Record excerpts Block Start

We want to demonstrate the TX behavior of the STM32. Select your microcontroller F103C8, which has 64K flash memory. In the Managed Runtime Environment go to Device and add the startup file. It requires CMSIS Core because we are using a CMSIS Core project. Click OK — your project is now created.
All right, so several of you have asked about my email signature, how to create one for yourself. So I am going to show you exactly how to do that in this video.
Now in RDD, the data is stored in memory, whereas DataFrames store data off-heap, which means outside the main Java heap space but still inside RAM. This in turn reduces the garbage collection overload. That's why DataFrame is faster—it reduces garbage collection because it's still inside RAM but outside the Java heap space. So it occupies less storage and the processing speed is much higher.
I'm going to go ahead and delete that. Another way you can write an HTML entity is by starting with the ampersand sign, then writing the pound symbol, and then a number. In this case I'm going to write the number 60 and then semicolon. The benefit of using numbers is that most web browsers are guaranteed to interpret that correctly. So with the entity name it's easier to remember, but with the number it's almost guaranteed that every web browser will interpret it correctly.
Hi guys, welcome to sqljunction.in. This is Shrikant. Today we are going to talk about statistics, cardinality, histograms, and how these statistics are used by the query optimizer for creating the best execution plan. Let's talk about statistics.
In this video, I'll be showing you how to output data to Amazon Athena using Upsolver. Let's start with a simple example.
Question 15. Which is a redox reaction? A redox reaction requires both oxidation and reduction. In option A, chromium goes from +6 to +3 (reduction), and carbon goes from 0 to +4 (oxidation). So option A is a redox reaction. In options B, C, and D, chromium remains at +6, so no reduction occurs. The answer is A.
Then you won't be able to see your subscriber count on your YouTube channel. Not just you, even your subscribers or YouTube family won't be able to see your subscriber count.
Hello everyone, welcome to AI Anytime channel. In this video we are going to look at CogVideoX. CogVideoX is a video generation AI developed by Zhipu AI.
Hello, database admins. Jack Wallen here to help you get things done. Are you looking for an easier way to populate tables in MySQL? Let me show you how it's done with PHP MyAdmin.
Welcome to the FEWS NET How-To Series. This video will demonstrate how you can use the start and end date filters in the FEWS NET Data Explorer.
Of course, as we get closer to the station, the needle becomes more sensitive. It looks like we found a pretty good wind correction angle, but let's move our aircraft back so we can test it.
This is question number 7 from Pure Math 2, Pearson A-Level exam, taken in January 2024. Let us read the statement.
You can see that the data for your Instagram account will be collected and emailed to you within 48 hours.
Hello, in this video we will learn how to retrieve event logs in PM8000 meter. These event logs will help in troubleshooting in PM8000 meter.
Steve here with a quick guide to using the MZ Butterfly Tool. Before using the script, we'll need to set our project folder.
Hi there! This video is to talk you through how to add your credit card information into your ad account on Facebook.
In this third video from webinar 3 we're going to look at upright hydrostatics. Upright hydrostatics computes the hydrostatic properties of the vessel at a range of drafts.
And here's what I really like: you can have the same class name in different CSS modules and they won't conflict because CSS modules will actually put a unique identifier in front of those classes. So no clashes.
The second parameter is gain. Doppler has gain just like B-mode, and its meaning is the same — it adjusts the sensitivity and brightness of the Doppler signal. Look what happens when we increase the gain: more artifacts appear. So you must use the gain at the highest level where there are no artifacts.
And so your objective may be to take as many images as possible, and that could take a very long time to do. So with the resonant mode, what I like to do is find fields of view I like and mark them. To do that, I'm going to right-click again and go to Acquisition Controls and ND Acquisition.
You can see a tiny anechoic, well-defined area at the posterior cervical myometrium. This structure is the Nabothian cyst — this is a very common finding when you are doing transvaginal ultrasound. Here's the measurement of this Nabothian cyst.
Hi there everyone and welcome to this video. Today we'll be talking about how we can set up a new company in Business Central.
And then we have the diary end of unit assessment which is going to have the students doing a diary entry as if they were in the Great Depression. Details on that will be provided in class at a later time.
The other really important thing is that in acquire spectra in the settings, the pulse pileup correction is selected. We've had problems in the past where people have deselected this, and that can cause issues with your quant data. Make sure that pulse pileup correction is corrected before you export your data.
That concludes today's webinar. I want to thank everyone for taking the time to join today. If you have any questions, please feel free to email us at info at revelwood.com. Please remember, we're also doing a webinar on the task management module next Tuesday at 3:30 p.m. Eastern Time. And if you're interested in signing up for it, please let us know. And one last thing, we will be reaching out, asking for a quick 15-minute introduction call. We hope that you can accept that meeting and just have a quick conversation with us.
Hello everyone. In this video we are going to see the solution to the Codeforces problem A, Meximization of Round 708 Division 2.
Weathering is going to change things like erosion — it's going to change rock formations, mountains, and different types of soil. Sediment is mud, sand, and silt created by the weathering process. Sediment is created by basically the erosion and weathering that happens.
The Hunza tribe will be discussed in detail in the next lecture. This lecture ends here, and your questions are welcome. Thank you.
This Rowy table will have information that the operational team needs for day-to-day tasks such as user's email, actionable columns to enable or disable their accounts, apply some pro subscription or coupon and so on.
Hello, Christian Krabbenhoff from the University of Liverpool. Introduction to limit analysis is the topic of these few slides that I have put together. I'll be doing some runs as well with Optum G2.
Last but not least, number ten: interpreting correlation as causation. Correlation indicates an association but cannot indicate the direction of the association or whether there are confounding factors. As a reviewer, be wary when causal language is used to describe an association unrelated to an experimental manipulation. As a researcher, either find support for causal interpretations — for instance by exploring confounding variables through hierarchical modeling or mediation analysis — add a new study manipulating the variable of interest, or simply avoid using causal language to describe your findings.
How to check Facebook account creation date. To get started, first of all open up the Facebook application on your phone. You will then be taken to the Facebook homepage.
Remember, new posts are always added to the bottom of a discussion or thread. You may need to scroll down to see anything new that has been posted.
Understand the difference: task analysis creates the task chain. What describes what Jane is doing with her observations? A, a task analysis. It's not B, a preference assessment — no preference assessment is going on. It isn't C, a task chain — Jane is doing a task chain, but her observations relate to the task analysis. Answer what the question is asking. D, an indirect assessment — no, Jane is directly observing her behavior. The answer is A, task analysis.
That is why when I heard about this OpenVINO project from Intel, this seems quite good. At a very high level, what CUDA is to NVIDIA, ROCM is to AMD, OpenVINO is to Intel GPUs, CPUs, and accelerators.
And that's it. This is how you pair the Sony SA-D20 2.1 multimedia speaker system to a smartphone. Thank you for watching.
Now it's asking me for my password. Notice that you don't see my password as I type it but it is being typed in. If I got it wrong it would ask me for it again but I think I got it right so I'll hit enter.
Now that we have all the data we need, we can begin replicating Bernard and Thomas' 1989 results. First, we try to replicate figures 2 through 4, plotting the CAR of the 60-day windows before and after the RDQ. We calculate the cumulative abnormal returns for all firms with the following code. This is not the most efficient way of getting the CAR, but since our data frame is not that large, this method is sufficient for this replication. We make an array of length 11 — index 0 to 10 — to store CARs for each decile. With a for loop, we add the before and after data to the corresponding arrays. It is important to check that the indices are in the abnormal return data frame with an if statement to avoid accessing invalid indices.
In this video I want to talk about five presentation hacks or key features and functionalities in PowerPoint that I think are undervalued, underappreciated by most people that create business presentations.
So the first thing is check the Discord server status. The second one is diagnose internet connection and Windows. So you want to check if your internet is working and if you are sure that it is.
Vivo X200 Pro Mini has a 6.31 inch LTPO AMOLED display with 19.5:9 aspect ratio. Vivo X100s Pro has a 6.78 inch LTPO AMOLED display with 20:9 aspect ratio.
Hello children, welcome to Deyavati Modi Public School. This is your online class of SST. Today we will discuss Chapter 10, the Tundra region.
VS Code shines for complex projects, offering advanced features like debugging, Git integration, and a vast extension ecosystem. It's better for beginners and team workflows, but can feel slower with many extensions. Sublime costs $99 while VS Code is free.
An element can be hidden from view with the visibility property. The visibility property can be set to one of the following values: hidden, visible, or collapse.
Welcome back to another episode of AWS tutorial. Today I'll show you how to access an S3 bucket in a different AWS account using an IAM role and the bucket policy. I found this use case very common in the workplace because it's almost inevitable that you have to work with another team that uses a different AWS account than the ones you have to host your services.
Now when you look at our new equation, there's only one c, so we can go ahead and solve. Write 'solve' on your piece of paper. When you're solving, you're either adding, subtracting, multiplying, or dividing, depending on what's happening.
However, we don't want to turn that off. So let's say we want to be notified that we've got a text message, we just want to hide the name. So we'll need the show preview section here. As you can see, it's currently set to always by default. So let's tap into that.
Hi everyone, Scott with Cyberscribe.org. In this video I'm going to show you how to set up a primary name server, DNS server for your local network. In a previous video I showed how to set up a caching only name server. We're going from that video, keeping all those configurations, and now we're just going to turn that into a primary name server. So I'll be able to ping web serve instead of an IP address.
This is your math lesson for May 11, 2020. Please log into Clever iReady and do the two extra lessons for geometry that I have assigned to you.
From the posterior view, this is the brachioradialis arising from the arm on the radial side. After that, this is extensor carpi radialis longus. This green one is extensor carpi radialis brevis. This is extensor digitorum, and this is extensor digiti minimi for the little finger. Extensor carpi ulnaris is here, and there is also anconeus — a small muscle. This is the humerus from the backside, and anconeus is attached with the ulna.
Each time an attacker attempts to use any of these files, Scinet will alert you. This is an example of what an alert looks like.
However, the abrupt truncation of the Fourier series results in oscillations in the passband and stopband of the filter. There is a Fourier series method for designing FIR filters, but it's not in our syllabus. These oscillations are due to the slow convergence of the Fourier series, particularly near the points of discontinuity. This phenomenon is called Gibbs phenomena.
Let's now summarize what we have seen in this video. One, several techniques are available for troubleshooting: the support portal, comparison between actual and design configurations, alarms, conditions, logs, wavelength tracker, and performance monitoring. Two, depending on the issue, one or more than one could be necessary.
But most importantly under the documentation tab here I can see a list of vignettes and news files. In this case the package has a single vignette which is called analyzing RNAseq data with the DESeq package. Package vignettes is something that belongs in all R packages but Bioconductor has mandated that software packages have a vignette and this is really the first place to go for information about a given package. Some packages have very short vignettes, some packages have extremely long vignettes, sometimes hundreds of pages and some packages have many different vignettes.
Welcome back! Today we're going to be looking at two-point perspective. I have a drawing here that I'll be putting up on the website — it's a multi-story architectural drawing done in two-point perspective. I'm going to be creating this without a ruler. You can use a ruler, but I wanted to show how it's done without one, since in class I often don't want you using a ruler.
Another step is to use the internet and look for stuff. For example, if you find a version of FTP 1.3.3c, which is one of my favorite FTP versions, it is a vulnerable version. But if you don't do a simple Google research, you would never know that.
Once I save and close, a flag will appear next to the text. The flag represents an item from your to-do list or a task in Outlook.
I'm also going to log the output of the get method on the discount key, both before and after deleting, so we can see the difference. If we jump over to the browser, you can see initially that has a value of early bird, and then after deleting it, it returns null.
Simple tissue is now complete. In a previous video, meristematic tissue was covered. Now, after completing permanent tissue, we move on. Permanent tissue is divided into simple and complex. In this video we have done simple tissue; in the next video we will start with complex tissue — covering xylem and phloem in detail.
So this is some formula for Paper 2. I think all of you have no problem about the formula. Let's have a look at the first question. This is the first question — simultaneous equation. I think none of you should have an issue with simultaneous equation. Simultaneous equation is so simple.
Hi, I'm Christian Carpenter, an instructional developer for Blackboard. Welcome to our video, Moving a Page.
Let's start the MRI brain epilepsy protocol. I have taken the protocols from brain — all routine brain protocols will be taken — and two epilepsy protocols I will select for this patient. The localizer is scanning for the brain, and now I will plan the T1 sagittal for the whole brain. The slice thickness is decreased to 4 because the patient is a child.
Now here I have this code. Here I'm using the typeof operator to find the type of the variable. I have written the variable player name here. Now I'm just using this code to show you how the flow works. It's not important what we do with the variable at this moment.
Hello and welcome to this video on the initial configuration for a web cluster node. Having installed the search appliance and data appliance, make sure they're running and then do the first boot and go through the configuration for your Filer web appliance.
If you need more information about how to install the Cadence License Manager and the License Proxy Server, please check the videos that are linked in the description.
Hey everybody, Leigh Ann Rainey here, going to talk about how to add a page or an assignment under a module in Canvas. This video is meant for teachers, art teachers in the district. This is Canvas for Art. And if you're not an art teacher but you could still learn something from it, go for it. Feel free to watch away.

Record excerpts Block End

Every line from the line containing "You can see that" through the line containing "And then we" in the records above must be retyped exactly. Leave out the rest.

You can see that the data for your Instagram account will be collected and emailed to you within 48 hours.
Hello, in this video we will learn how to retrieve event logs in PM8000 meter. These event logs will help in troubleshooting in PM8000 meter.
Steve here with a quick guide to using the MZ Butterfly Tool. Before using the script, we'll need to set our project folder.
Hi there! This video is to talk you through how to add your credit card information into your ad account on Facebook.
In this third video from webinar 3 we're going to look at upright hydrostatics. Upright hydrostatics computes the hydrostatic properties of the vessel at a range of drafts.
And here's what I really like: you can have the same class name in different CSS modules and they won't conflict because CSS modules will actually put a unique identifier in front of those classes. So no clashes.
The second parameter is gain. Doppler has gain just like B-mode, and its meaning is the same — it adjusts the sensitivity and brightness of the Doppler signal. Look what happens when we increase the gain: more artifacts appear. So you must use the gain at the highest level where there are no artifacts.
And so your objective may be to take as many images as possible, and that could take a very long time to do. So with the resonant mode, what I like to do is find fields of view I like and mark them. To do that, I'm going to right-click again and go to Acquisition Controls and ND Acquisition.
You can see a tiny anechoic, well-defined area at the posterior cervical myometrium. This structure is the Nabothian cyst — this is a very common finding when you are doing transvaginal ultrasound. Here's the measurement of this Nabothian cyst.
Hi there everyone and welcome to this video. Today we'll be talking about how we can set up a new company in Business Central.
And then we have the diary end of unit assessment which is going to have the students doing a diary entry as if they were in the Great Depression. Details on that will be provided in class at a later time.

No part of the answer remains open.